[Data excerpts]
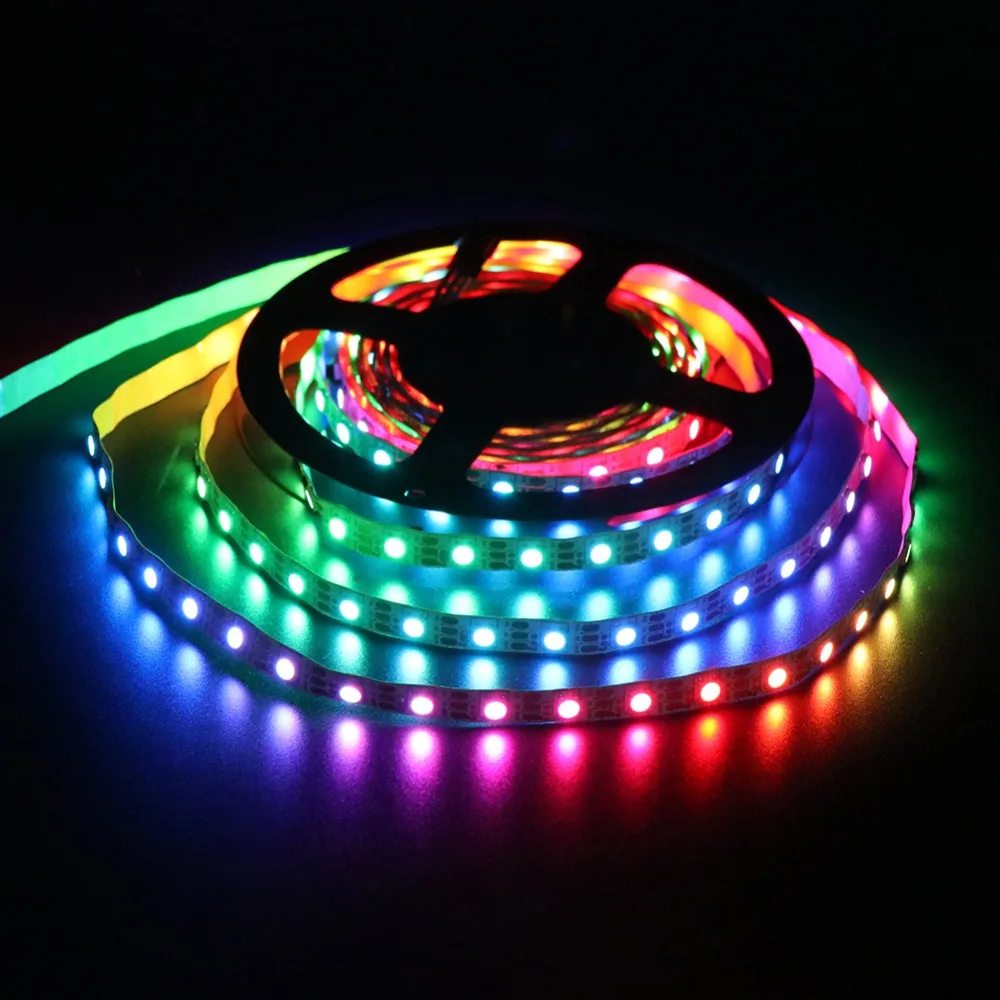 Адресуемая Светодиодная лента RGB светильник 5 в WS2812B 30 светодиодов/м 60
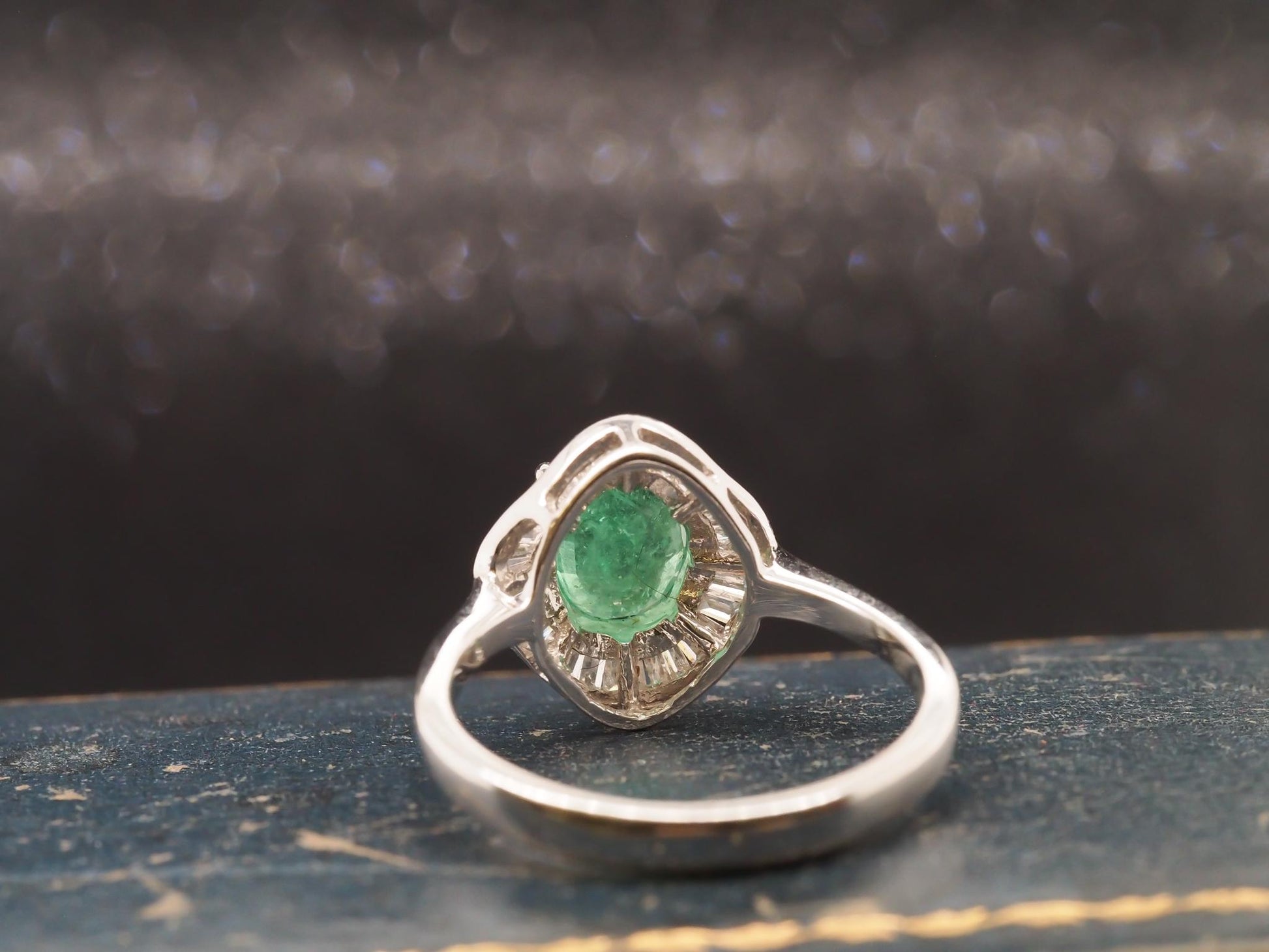 14K White Gold Emerald and Diamond Halo Ring - VHK#22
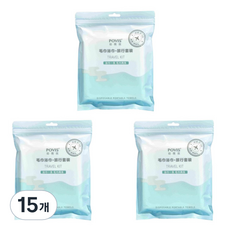 헬씨닷 파우치 개별포장 일회용 샤워타월, 화이트, 15개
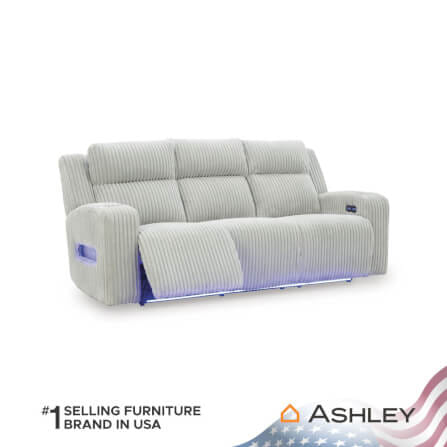 โซฟาปรับเอนไฟฟ้า 3 ที่นั่ง พร้อมพนักพิงศีรษะปรับได้ ASHLEY FURNITURE HOMESTORE รุ่น TWINBROOKE/3RRM สีเทาอ่อน_3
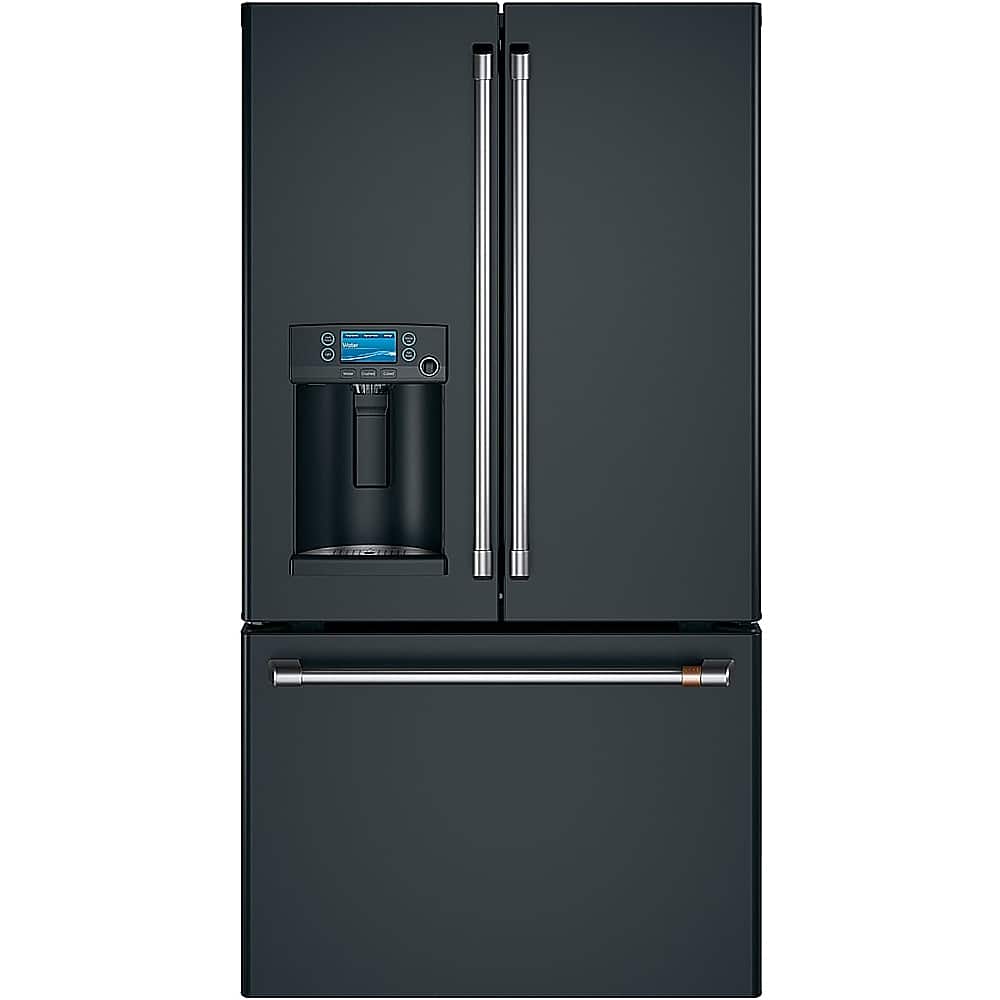 Café - 27.8 Cu. Ft. French Door Smart Refrigerator with Hot Water Dispenser, Customizable - Matte Black - Front_Zoom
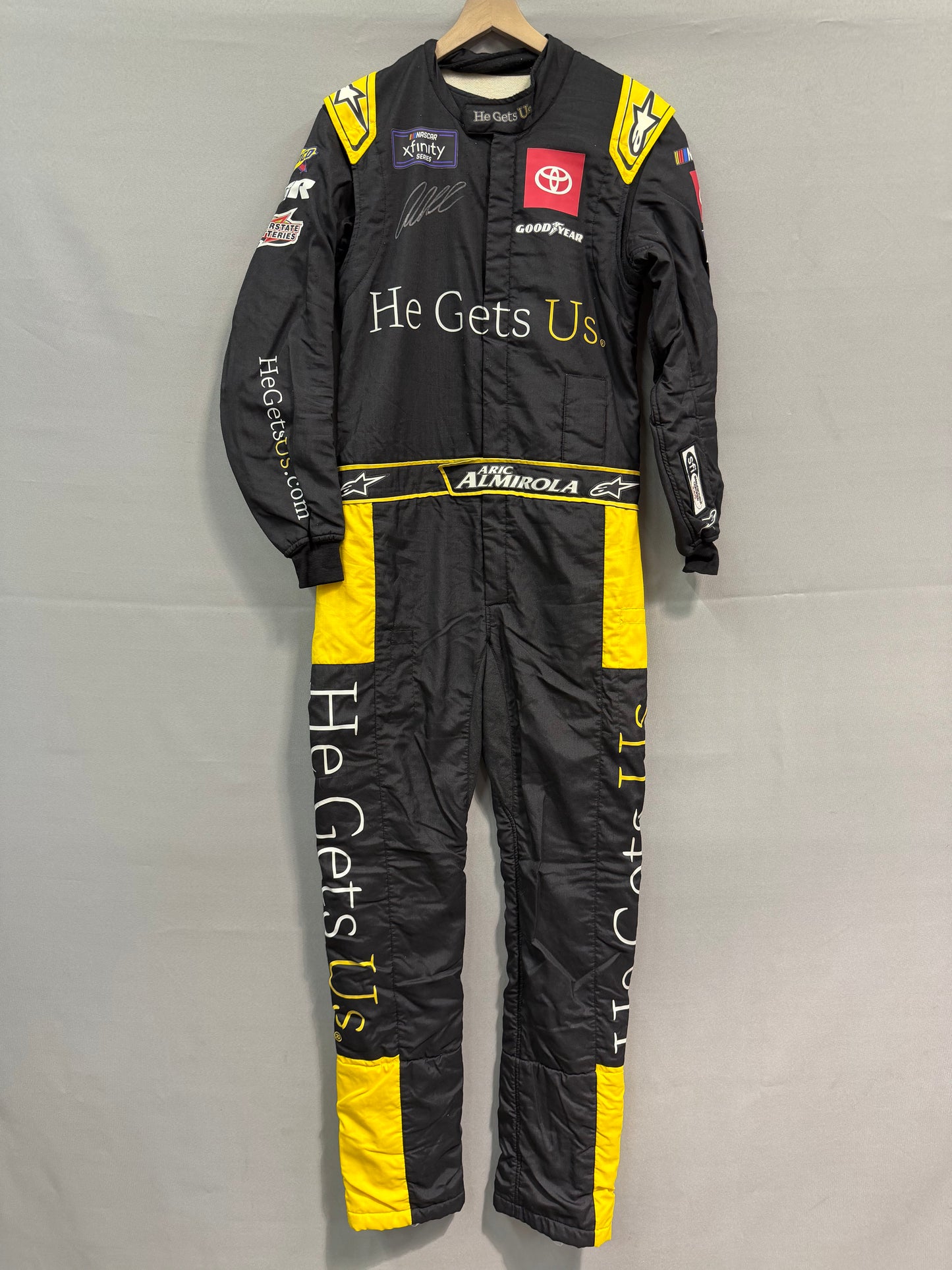 Aric Almirola #19 2024 He Gets Us Nascar Autographed Driver Firesuit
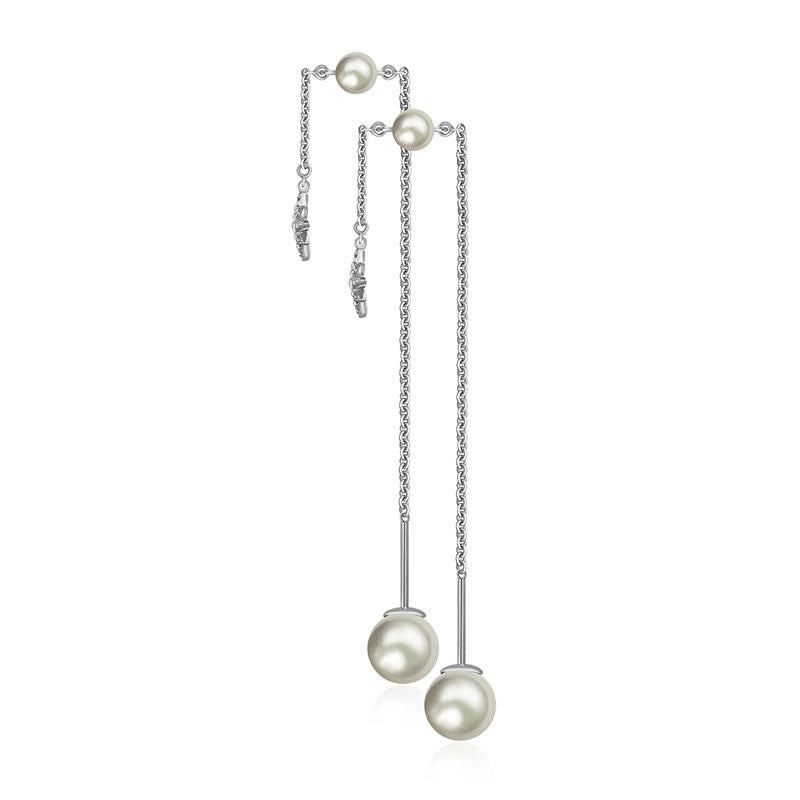 18k Gold Star Shape Chain Diamond Earring With Pearl - Genevieve Collection
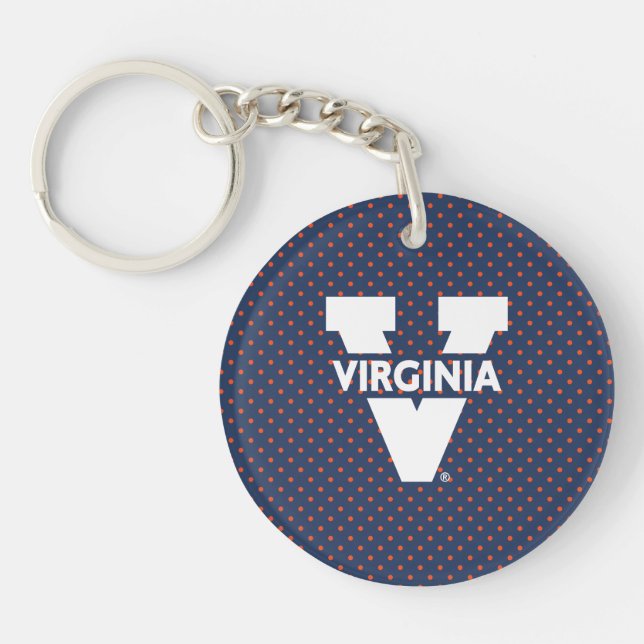 Virginia Cavaliers Polka Dots Schlüsselanhänger (Vorderseite)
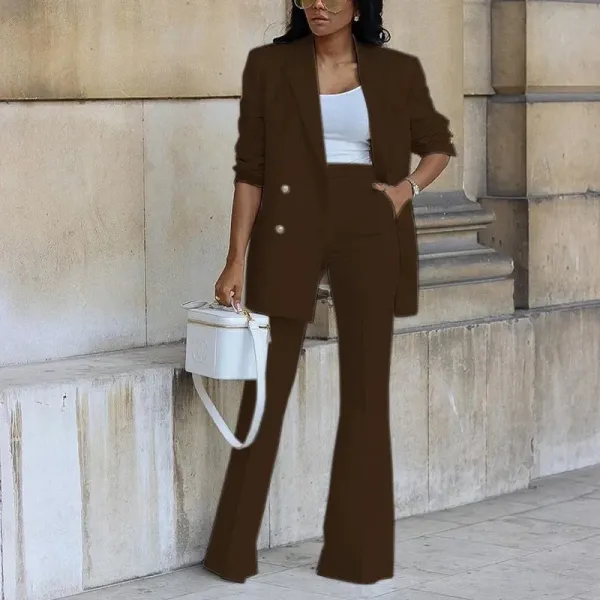 Polished Formal Suit Set with Tailored Long Blazer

WHAT YOU SHOULD DO:
Retype the data exactly; images stay out.

RESULT OF THE EXERCISE:
 Адресуемая Светодиодная лента RGB светильник 5 в WS2812B 30 светодиодов/м 60
 14K White Gold Emerald and Diamond Halo Ring - VHK#22
 헬씨닷 파우치 개별포장 일회용 샤워타월, 화이트, 15개
 โซฟาปรับเอนไฟฟ้า 3 ที่นั่ง พร้อมพนักพิงศีรษะปรับได้ ASHLEY FURNITURE HOMESTORE รุ่น TWINBROOKE/3RRM สีเทาอ่อน_3
 Café - 27.8 Cu. Ft. French Door Smart Refrigerator with Hot Water Dispenser, Customizable - Matte Black - Front_Zoom
 Aric Almirola #19 2024 He Gets Us Nascar Autographed Driver Firesuit
 18k Gold Star Shape Chain Diamond Earring With Pearl - Genevieve Collection
 Virginia Cavaliers Polka Dots Schlüsselanhänger (Vorderseite)
 Polished Formal Suit Set with Tailored Long Blazer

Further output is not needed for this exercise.